**TO DO**
Return the data below exactly, but only from the line containing "1C4RJKDG2N8538926 Jeep Grand" through the line containing "Kid Connection Deluxe Tea Cart Playset", with both of those lines included.

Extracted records
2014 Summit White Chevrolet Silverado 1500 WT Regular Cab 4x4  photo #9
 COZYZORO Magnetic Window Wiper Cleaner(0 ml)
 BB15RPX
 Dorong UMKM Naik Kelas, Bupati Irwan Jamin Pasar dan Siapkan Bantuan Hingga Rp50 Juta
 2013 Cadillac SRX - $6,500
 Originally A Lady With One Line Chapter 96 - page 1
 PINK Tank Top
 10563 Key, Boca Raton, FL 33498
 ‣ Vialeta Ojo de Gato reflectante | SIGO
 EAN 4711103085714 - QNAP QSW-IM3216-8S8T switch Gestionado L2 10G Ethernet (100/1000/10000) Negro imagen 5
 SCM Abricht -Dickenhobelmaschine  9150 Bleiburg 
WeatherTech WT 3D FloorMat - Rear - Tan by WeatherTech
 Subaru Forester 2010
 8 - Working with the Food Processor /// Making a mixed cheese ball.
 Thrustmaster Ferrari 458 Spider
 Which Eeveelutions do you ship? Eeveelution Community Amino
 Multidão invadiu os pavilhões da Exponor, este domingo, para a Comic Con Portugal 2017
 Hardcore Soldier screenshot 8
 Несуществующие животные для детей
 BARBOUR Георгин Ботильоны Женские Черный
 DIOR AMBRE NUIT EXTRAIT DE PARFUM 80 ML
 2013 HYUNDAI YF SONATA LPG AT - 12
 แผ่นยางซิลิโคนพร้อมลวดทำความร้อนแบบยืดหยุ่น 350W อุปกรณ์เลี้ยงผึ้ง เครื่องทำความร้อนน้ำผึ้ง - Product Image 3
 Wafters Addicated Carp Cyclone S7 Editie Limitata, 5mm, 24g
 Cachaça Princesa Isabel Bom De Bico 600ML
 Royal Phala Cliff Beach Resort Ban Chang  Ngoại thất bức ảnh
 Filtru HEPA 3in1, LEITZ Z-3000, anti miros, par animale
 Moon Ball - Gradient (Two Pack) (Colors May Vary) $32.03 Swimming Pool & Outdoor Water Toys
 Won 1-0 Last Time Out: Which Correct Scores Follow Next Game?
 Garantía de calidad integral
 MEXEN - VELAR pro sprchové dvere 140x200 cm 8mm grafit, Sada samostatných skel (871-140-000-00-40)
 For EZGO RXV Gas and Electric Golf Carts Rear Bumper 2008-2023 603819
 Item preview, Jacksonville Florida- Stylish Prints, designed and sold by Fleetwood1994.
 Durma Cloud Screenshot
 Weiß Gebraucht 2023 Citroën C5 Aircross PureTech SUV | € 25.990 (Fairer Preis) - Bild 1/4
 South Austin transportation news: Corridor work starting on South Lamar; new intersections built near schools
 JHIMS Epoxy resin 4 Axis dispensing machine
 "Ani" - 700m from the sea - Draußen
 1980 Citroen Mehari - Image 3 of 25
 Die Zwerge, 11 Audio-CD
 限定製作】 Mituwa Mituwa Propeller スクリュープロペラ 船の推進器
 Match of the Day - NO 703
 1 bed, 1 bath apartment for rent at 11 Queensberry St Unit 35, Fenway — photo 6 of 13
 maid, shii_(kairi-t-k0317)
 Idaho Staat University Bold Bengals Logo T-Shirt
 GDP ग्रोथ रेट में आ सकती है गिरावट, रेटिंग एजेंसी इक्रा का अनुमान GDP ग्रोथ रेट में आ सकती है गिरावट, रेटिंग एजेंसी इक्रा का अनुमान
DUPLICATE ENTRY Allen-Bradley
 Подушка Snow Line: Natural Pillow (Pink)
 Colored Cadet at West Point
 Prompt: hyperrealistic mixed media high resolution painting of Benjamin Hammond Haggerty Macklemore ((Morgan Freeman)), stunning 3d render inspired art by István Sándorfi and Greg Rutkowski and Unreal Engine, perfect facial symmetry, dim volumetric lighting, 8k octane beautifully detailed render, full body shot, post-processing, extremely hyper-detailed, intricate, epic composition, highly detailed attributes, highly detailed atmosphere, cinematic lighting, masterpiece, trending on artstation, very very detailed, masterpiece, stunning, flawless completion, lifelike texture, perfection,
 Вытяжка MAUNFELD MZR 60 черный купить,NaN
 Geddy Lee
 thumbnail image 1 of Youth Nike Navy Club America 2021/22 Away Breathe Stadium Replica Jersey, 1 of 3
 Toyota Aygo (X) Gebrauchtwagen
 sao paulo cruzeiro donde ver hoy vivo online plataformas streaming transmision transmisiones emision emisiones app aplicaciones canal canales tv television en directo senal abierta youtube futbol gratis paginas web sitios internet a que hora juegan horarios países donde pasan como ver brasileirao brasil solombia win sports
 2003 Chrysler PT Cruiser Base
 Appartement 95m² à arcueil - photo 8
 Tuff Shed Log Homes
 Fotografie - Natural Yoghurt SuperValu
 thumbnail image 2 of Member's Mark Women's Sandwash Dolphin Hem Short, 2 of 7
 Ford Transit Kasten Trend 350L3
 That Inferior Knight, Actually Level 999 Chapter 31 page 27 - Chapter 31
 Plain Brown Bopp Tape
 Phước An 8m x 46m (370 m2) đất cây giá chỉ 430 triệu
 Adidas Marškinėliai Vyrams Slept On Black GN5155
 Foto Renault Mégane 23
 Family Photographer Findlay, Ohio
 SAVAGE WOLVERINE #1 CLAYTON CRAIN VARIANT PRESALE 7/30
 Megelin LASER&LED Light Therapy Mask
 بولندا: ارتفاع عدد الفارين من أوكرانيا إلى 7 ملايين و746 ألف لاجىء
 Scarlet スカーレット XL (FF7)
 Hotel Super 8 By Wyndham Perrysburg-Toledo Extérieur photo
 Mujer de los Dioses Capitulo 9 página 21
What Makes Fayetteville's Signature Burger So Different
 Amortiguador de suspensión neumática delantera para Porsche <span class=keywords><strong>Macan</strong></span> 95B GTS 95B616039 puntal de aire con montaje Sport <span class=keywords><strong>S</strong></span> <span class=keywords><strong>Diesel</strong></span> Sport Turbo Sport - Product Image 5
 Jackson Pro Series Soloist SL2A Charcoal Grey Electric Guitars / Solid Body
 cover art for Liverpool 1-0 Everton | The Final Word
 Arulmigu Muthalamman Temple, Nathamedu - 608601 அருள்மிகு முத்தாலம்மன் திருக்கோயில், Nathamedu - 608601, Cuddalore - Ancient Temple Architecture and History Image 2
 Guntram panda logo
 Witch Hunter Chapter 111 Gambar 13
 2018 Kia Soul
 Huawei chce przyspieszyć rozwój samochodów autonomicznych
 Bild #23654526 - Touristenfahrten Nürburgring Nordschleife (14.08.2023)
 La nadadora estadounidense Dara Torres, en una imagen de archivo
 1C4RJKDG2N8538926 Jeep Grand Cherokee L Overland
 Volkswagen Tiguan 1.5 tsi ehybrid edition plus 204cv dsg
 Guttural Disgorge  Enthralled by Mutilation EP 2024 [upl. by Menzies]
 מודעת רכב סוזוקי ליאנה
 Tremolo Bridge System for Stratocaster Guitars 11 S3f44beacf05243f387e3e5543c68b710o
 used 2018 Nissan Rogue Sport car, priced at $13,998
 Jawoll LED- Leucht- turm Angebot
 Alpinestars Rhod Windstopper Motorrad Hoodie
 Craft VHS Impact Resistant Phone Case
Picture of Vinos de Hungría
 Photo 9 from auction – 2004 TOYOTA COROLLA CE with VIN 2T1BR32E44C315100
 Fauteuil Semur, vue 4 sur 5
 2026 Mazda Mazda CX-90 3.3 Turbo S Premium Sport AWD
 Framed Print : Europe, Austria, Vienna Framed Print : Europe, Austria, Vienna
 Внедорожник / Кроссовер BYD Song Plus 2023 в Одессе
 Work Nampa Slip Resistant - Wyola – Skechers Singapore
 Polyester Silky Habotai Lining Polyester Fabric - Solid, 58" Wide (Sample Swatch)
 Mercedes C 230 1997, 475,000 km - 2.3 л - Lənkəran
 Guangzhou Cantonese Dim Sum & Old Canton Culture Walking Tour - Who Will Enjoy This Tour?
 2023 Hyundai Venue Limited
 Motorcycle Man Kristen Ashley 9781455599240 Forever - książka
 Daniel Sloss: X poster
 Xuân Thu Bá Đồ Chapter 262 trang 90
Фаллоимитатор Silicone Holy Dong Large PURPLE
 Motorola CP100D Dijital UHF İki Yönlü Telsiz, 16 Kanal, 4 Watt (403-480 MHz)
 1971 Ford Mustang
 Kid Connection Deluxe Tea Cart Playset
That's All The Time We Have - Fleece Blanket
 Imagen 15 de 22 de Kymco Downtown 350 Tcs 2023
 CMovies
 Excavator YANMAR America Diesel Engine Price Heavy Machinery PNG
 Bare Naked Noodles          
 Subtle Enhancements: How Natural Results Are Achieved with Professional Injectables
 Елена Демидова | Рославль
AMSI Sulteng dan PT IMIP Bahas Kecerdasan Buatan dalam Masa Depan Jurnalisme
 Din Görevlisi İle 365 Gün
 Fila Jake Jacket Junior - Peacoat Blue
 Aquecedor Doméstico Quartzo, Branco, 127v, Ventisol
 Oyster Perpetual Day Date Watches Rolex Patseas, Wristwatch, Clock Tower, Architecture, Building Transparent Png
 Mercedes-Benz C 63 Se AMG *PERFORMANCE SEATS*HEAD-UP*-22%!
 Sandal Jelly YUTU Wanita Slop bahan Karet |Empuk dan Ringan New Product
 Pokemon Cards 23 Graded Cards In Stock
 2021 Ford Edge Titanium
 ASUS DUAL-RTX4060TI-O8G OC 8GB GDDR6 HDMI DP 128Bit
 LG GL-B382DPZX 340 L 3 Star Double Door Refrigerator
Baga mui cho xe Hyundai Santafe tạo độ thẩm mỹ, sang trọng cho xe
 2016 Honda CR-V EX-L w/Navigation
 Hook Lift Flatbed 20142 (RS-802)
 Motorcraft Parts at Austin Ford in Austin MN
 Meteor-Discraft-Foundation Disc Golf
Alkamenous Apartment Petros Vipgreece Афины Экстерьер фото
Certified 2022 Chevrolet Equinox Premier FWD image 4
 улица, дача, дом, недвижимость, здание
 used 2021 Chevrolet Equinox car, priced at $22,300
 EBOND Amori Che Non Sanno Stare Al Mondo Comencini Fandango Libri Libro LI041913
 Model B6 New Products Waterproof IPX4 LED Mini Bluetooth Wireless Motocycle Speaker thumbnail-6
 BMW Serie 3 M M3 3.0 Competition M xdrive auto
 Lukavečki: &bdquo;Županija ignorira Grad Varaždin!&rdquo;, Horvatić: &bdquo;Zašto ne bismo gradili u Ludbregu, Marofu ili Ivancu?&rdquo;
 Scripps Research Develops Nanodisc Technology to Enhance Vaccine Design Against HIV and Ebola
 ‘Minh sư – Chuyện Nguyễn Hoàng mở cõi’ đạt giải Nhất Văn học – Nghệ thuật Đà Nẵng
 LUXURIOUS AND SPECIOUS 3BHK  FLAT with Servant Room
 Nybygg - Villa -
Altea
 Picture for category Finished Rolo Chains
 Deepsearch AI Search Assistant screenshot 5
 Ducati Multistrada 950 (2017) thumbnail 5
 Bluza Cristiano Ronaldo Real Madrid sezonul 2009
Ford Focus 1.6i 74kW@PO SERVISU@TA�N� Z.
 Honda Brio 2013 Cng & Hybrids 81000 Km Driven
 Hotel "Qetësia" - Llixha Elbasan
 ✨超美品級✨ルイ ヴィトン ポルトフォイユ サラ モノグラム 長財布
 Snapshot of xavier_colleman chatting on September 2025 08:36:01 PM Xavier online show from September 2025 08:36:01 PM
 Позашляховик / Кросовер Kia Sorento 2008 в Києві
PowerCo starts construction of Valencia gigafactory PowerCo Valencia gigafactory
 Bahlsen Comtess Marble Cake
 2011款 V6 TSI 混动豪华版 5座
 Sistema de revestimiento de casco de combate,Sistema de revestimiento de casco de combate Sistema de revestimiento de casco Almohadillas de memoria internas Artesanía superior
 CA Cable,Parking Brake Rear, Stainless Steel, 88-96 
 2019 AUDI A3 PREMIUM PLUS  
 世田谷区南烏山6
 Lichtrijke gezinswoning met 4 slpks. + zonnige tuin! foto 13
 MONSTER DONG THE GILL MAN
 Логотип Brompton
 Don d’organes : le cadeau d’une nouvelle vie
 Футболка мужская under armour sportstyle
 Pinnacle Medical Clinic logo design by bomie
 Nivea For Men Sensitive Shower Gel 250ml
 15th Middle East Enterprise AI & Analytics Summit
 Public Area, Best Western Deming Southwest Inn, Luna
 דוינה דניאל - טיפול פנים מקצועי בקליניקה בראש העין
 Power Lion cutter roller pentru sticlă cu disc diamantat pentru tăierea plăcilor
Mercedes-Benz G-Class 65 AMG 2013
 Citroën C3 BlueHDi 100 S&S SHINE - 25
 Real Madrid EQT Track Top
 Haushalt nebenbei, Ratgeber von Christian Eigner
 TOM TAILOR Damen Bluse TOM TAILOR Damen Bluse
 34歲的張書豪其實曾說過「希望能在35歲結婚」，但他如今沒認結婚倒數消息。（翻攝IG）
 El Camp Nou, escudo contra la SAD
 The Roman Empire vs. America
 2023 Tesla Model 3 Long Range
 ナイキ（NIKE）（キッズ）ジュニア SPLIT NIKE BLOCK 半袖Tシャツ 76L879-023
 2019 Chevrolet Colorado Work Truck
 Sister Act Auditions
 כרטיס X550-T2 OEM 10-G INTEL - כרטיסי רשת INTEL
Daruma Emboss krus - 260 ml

**PROBLEM SOLUTION**
 1C4RJKDG2N8538926 Jeep Grand Cherokee L Overland
 Volkswagen Tiguan 1.5 tsi ehybrid edition plus 204cv dsg
 Guttural Disgorge  Enthralled by Mutilation EP 2024 [upl. by Menzies]
 מודעת רכב סוזוקי ליאנה
 Tremolo Bridge System for Stratocaster Guitars 11 S3f44beacf05243f387e3e5543c68b710o
 used 2018 Nissan Rogue Sport car, priced at $13,998
 Jawoll LED- Leucht- turm Angebot
 Alpinestars Rhod Windstopper Motorrad Hoodie
 Craft VHS Impact Resistant Phone Case
Picture of Vinos de Hungría
 Photo 9 from auction – 2004 TOYOTA COROLLA CE with VIN 2T1BR32E44C315100
 Fauteuil Semur, vue 4 sur 5
 2026 Mazda Mazda CX-90 3.3 Turbo S Premium Sport AWD
 Framed Print : Europe, Austria, Vienna Framed Print : Europe, Austria, Vienna
 Внедорожник / Кроссовер BYD Song Plus 2023 в Одессе
 Work Nampa Slip Resistant - Wyola – Skechers Singapore
 Polyester Silky Habotai Lining Polyester Fabric - Solid, 58" Wide (Sample Swatch)
 Mercedes C 230 1997, 475,000 km - 2.3 л - Lənkəran
 Guangzhou Cantonese Dim Sum & Old Canton Culture Walking Tour - Who Will Enjoy This Tour?
 2023 Hyundai Venue Limited
 Motorcycle Man Kristen Ashley 9781455599240 Forever - książka
 Daniel Sloss: X poster
 Xuân Thu Bá Đồ Chapter 262 trang 90
Фаллоимитатор Silicone Holy Dong Large PURPLE
 Motorola CP100D Dijital UHF İki Yönlü Telsiz, 16 Kanal, 4 Watt (403-480 MHz)
 1971 Ford Mustang
 Kid Connection Deluxe Tea Cart Playset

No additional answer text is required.